Photo: Courtesy of A24

Bellizzi’s process began in an office littered with thousands of photographs. “It was a very sacred space, with music always playing, and no windows—it was a vibe,” Safdie says approvingly. “It was a place where the actors could inhabit the roles. Miyako would bring in a rack of clothing that she could see the characters in and see what they gravitate toward.” Chalamet picked up a pair of red leather gloves that ended up being one of Bellizzi’s favorites: “I was like, ‘That would be incredible—you with the red gloves, eating a hot dog on the street.’”

And while she was thrilled to dress notable New York City personalities like Fran Drescher, Isaac Mizrahi, and Sandra Bernhard, her favorite fitting was none other than the Man on Wire himself, high-wire master Philippe Petit, who has a blink-and-you’ll-miss-it cameo. “I was so starstruck with him,” she gushes. “I will never forget that.”

Many young audience members have told Bellizzi that the looks seem contemporary, which she finds a little dismaying. “They say, ‘This looks like today, this is how everyone’s dressing.’ They don’t really understand the history behind it, so hopefully people appreciate that and the authenticity and are inspired by them.”

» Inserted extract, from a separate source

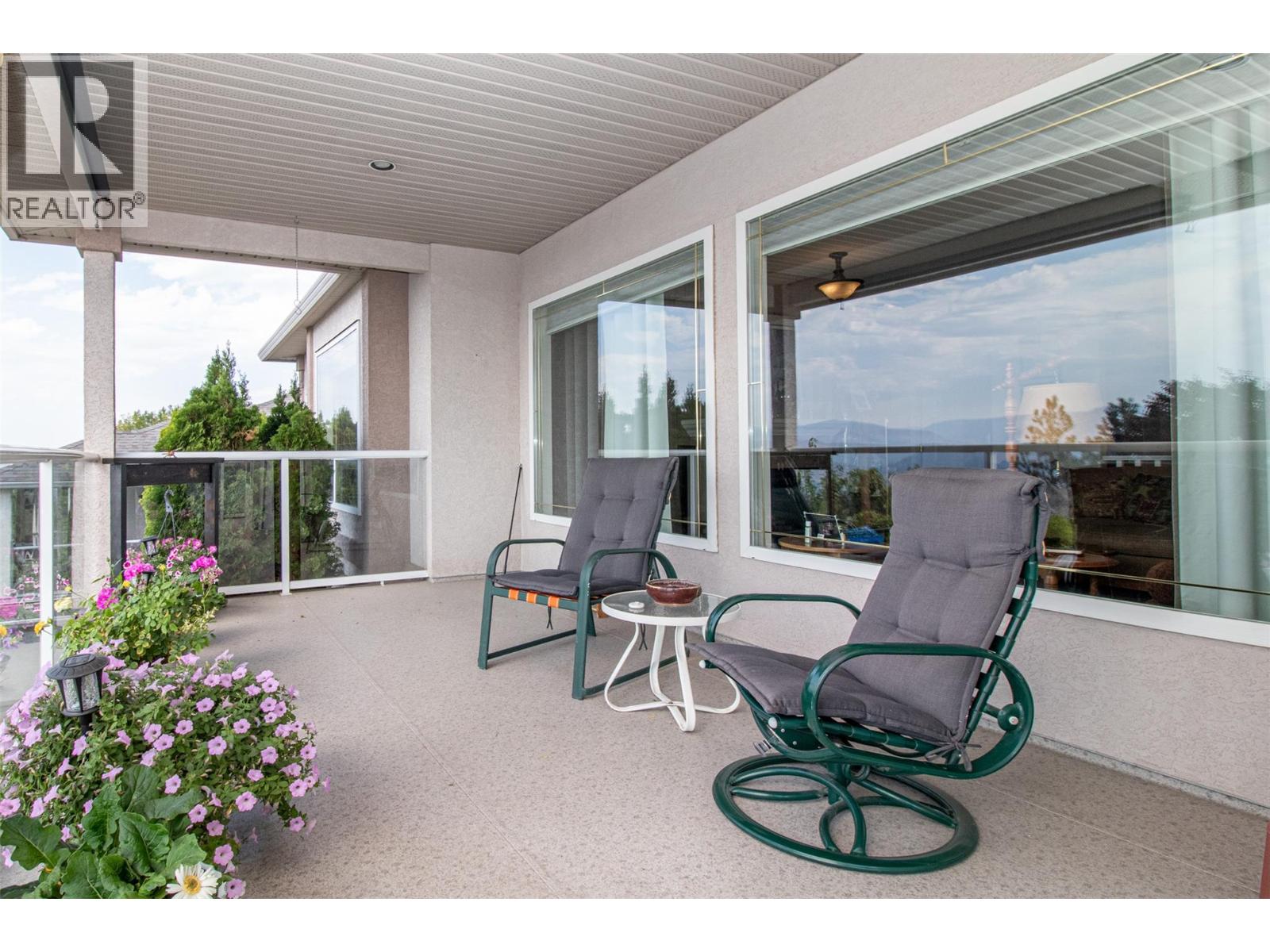  843 Lone Pine Drive, Kelowna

Safdie, on the other hand, hopes audiences take away one simple thing from the film’s looks: Halloween costume ideas. He already saw a few Martys this Halloween, donning “the glasses with a mustache, with the flowy, oversized shirt and the white wifebeater underneath,” which the protagonist wears when running from the police. “We talk about that all the time—how to communicate someone’s essence in an iconic way, that can be translated easily to a Halloween costume on a budget,” he says. It’s a dream big enough for Marty himself.